I was assuming that exception handlers would be like int3 and are in
general cases that would be places that are atomic and don't allow
scheduling.  I admit I don't know the PREEMPT_RT rules though.


>> Further this code is buggy.  TIF_NOTIFY_RESUME is not the correct
>> flag to set to enter into exit_to_usermode_loop.  TIF_NOTIFY_RESUME is
>> about that happens after signal handling.  This very much needs to be
>> TIF_SIGPENDING with recalc_sigpending and friends updated to know about
>> "task->force_info".
>> 
>> Does someone own this problem?  Can that person please fix this
>> properly?
>
> Sure. Instead setting TIF_NOTIFY_RESUME you want the code updated to use
> recalc_sigpending() only.

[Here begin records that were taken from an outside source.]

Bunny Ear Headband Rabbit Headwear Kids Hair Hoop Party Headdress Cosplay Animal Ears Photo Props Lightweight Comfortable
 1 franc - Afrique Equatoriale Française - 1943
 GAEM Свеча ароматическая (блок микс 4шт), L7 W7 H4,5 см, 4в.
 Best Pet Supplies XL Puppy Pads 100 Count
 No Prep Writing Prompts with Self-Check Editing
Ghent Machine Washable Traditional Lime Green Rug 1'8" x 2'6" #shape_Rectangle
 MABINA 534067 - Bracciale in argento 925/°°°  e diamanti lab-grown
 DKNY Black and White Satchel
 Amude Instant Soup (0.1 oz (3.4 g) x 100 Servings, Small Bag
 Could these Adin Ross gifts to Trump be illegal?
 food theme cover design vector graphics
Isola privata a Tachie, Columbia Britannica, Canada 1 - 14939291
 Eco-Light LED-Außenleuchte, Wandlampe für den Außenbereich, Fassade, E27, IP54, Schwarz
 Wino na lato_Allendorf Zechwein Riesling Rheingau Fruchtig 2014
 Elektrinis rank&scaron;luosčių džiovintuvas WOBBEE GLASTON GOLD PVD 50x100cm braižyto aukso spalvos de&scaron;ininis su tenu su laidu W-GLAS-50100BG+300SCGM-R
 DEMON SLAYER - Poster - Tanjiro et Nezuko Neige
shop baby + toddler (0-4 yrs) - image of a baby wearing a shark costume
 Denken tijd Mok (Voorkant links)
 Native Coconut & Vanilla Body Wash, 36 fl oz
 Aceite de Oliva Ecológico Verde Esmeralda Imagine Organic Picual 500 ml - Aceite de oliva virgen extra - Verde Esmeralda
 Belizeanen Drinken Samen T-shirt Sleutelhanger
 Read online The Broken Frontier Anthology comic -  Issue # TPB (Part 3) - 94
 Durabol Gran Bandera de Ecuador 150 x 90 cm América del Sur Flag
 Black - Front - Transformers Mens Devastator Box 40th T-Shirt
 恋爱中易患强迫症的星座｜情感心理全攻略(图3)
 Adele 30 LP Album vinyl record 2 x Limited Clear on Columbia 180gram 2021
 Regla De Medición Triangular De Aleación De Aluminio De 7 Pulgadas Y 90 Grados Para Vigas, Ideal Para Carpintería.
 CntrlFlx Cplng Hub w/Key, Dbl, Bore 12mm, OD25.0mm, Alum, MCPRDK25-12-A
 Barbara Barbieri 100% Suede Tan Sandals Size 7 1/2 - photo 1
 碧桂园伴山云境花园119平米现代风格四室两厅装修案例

Or do you have other suggestions regarding
> fixing this properly?

The rule with TIF_SIGPENDING (which should be used if this technique is
used at all), is that recalc_sigpending needs to know how to test if
the signal is still pending.

>> I really don't think it is going to be maintainable for PREEMPT_RT to
>> maintain a separate signal delivery path for faults from the rest of
>> linux.
>
> Okay.

We have a few other cases where we deliver signals from interrupts.
Off the top of my head there is SAK and magic sysrq, but I think there
are more.  So I am also not convinced that all signals you care about
will go through force_sig_info_to_task.

What I really don't know and this is essentially a PREEMPT_RT question
is what makes int3 special?  Why don't other faults have this problem?

I remember there was a change where we had threaded interrupt handlers
to get around this for interrupt service routines.  I wonder if we need
to do something similar with faults.  Have a fast part and a threaded
part that runs in a schedulable way.  Although given that for a fault
you need to be fundamentally bound to the task/thread you faulted from
it probably just means having a way to switch to a kernel stack that you
can schedule from, and not use a reserved per cpu stack.  The
task_struct would certainly need to stay the same for all of the pieces.

Or maybe for PREMPT_RT you pick the i386 mechanism.  How does PREEMPT_RT
deal with page faults, or general protection faults?

This is my long winded way of saying that I rather expect that if
PREEMPT_RT is going to call code it has modified to be sleeping that it
would also make it safe for that code to sleep.

Further (and this is probably my ignorance) I just don't see what makes
any of this specific to just int3.  Why aren't other faults affected?

Eric